Thirty years after the Marche des Beurs, France’s picture is grim. There is another Socialist president in office, François Hollande, and his austerity policy has been fueling a dramatic increase in unemployment and, although other elements factor in, an unprecedented level of popular support for the Front National and its ideas. According to recent polls, 70 percent of the population thinks that “there are too many immigrants in France”; as the welfare-state safety net shrinks, its benefits should only be provided to those “entitled” to it, they say.

France used to have “problems” with immigration; now it has a “cultural crisis” with its inherent diversity.
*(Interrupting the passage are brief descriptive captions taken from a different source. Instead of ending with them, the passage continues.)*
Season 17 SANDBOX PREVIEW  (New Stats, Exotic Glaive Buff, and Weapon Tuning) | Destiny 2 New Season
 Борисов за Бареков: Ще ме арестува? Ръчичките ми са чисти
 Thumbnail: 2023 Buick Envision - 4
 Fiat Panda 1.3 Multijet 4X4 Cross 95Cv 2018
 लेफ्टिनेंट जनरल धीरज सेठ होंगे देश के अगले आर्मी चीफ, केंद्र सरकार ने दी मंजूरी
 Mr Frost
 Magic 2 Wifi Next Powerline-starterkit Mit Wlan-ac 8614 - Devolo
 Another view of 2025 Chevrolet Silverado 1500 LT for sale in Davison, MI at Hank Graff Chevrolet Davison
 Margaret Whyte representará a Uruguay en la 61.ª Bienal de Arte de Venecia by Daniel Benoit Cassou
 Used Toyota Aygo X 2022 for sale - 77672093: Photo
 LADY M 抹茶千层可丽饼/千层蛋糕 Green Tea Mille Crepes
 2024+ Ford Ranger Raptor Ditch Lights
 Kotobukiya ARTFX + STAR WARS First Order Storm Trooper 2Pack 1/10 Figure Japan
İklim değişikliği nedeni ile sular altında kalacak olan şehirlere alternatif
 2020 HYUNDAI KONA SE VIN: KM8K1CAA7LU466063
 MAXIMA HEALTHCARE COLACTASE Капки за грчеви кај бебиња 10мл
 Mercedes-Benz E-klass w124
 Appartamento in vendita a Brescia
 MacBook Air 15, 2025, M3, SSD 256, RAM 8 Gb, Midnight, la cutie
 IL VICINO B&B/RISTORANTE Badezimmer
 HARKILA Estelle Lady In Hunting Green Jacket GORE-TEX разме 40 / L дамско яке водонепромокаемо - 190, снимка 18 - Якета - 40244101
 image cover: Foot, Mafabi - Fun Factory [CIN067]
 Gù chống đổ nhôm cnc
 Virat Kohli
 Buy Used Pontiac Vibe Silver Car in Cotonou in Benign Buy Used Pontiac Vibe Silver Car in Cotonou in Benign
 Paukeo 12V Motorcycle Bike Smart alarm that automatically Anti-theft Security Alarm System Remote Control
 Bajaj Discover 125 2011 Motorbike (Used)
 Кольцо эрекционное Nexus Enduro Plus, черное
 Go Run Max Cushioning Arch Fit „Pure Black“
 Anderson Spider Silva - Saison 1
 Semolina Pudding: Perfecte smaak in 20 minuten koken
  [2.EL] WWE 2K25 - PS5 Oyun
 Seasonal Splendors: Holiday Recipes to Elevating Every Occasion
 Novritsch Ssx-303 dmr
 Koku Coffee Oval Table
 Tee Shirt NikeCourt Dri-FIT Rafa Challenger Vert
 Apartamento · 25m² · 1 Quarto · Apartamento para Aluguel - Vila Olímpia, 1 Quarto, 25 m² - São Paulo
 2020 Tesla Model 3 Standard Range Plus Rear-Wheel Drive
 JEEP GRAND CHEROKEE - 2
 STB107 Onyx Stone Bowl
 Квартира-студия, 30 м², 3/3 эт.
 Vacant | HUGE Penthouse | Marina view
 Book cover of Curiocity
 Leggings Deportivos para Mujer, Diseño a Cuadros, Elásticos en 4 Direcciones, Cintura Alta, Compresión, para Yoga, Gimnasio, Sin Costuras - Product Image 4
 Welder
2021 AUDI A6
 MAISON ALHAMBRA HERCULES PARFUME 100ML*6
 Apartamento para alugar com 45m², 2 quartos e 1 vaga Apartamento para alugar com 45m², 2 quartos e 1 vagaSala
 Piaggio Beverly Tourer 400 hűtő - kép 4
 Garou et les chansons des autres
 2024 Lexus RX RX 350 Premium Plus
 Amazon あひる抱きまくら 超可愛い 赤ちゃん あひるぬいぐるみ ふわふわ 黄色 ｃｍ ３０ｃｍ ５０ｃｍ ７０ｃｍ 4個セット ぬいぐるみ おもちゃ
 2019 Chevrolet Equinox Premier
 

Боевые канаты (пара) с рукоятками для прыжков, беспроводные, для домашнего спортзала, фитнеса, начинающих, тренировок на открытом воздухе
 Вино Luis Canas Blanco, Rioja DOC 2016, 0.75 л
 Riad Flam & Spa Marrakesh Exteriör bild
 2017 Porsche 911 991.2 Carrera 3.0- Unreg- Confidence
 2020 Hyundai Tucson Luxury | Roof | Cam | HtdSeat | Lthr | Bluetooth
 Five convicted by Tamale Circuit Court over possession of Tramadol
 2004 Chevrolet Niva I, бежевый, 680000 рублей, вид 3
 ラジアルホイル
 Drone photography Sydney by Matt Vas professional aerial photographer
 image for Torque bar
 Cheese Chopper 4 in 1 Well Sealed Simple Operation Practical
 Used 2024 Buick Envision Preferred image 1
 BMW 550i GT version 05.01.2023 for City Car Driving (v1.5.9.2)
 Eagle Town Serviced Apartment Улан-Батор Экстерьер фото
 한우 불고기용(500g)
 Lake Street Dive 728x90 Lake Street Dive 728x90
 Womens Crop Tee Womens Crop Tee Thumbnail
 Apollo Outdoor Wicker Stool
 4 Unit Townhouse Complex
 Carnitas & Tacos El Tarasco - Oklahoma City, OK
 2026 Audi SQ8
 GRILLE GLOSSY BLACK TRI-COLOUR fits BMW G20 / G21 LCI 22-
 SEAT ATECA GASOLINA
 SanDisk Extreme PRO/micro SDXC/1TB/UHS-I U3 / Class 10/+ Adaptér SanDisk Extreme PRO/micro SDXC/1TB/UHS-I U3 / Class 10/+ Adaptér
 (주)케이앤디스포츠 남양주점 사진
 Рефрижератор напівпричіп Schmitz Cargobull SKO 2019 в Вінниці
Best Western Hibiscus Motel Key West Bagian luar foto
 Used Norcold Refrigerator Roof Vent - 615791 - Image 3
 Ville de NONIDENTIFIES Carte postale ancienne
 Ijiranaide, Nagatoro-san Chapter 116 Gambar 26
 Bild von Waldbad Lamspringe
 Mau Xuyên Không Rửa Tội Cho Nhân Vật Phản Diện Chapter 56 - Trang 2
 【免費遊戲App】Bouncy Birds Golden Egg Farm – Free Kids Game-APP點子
The stigmatizing rhetoric of the FN, at an all-time high, has permeated the entire political spectrum, and in the footsteps of former law-and-order President Nicolas Sarkozy, the current minister of the interior, Manuel Valls, demonizes the Roma (migrants from Romania) and fills his speech with nativist tropes and references to “those who do not want to assimilate.” Last month Christiane Taubira, the minister of justice, who happens to be a black woman, was the victim of gross racist depictions, an embarrassment for the entire nation.

More than ever, France needs a civil rights movement, rooted in the 1983 march. It is urgent—because of the fierce urgency of now.

Sylvie Laurent is a French cultural historian and assistant professor of American studies at Sciences-Po in Paris. She is also a fellow at Harvard’s Hutchins Center for African and African American Research. She specializes in African-American history and culture, race and class issues and representations of poverty.